Más allá de lo difícil que resulta soportar a estas hordas de iluminados odiadores (obsesionados por los “delitos de odio” de quienes no odian lo que ellos), de su insufrible complejo de superioridad moral (que les impele a protegernos paternalmente de todo mensaje pernicioso, como si fuéramos cretinos morales), y de la absoluta ineficacia de sus métodos (¿habrá algo que incite más a la lectura que prohibirle un libro a un niño? ¿Y algo más educativo que leerlo con él?), el problema más grande y profundo que parece tener este tipo de ultras puritanos es el de la risa.

Y no les faltan motivos. Fíjense que los argumentos, por razonables que sean, se pueden desactivar fácilmente con falacias, eslóganes, ataques o apelaciones al activismo o la emoción, pero la risa es siempre incontenible y casi siempre incontestable. Una buena broma nos deja sin réplica. Si el insulto suele descalificar a quien lo emite, la burla, cuando es efectiva (es decir, cuando da la risa), deja en evidencia al burlado. Y esto, siempre tan conveniente, de que se rían de ti y de lo que dices, no lo soporta cualquiera. Y menos un fanático.

Tal vez por esto, la liga de colegios católicos de Ontario aficionada a quemar libros la haya tomado con Astérix el Galo, la divertidísima colección de historietas de Uderzo y Goscinny en que los autores se burlan amablemente de todo y de todos (empezando por los propios galos, que son constantemente caricaturizados, junto a los belgas, los ingleses, los españoles…) y en la que, curiosamente, lo que se transmite – de forma harto ingenua – es una defensa a ultranza del indigenismo frente al imperialismo romano.

Y digo de forma ingenua porque – ahora que andan moviéndose y derribándose estatuas de Colón y otros –, los pueblos indígenas no son ni han sido unos ángeles que no merezcan, como todo dios, su ración de burla y crítica. Lo siento por los que siguen creyendo en el bíblico (o rousseauniano) mito del Edén, pero no hay pueblo o civilización, por colonizada que haya sido, que no tenga sus luces y sus sombras. De hecho, algunos de los pueblos conquistados fueron, antes, tiránicos y crueles conquistadores de otros como ellos. Y muchas sociedades de cazadores-recolectores son y han sido tan belicosas y sanguinarias como sus medios les han permitido. Desengáñense: hasta ahora, y salvo casos marginales, ningún grupo humano se ha asentado sobre un territorio sin usar de la fuerza para ocuparlo y/o para evitar la intrusión de otros, y me temo que muy pocos, si es que alguno, ha dejado de aprovecharse, cuando la opinión la pintaban calva, de las debilidades del vecino.
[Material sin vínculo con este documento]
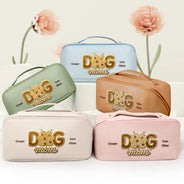 Pet Mom,Happy - Dog Cat Mama Mom Custom Pet Name - Personalized Embroidered Leather Makeup Bag
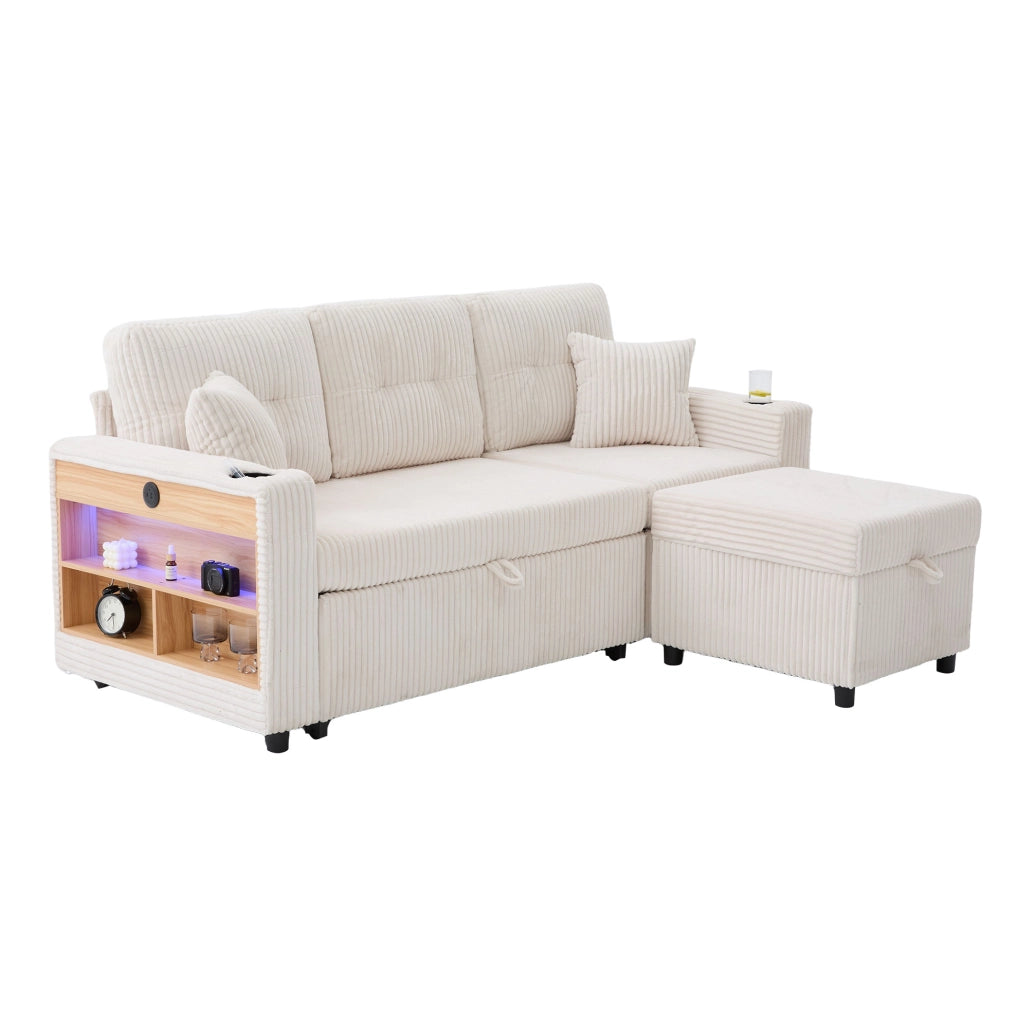 Divano letto in tessuto corduroy beige con contenitore; USB-C e luci LED; 196 cm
Esto no quiere decir, obviamente, que uno apruebe o tolere la humillación, la marginación o el genocidio de los pueblos indígenas, ni que ponga al mismo nivel a los hoy poderosos y a los que ya no lo son, ni que no haya que resarcir, en justicia, a todas las víctimas posibles de todos los atropellos cercanos. Lo que hay que tener claro es que la batalla para erradicar las relaciones de dominación tiene que proyectarse hacia el futuro, sin negar o mitologizar el pasado, sino reconociéndolo como tal y aprendiendo de él. Quien no conoce y comprende la historia está condenado a repetirla. La prueba está en observar a estos aprendices canadienses de Torquemada.